→ PROBLEM TO WORK ON: Search the material for "Image" and copy each line in which it is found.

════

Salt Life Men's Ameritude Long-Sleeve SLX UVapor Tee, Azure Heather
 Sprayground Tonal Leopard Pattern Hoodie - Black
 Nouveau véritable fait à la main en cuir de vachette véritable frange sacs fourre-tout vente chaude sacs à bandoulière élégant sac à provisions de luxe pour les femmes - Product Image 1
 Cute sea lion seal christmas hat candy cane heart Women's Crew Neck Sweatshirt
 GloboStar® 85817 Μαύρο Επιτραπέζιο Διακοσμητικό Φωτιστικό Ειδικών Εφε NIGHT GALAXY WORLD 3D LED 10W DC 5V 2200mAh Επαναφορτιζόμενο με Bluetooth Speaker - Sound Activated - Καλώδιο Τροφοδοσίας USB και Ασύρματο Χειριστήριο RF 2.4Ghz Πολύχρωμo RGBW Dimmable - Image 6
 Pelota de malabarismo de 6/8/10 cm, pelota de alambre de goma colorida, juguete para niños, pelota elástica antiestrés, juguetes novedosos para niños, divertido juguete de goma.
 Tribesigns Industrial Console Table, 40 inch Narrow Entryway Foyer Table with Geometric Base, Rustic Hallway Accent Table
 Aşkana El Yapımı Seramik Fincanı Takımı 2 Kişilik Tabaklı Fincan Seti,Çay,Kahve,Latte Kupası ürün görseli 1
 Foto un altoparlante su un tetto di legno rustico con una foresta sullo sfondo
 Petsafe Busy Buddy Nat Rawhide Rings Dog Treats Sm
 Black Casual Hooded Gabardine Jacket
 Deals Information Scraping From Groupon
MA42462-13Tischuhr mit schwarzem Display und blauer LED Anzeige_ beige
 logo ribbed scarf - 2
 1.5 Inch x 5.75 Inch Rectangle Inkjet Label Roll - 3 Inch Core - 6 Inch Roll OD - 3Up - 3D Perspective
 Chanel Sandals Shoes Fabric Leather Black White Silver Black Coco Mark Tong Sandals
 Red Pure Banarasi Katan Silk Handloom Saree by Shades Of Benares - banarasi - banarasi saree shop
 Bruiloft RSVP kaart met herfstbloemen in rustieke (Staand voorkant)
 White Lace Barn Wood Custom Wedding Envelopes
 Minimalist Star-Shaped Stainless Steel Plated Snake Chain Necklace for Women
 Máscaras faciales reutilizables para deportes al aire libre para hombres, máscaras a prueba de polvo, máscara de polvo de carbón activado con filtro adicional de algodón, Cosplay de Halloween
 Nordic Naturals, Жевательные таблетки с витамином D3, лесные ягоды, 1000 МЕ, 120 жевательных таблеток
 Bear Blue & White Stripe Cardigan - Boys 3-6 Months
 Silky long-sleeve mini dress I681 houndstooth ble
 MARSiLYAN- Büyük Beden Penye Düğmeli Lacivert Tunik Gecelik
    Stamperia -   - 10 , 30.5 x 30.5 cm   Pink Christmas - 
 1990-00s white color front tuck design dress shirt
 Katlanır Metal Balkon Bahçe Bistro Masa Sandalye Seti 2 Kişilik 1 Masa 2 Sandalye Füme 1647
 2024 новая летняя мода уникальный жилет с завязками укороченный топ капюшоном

════

→ SOLUTION FOR THIS TASK:
 Nouveau véritable fait à la main en cuir de vachette véritable frange sacs fourre-tout vente chaude sacs à bandoulière élégant sac à provisions de luxe pour les femmes - Product Image 1
 GloboStar® 85817 Μαύρο Επιτραπέζιο Διακοσμητικό Φωτιστικό Ειδικών Εφε NIGHT GALAXY WORLD 3D LED 10W DC 5V 2200mAh Επαναφορτιζόμενο με Bluetooth Speaker - Sound Activated - Καλώδιο Τροφοδοσίας USB και Ασύρματο Χειριστήριο RF 2.4Ghz Πολύχρωμo RGBW Dimmable - Image 6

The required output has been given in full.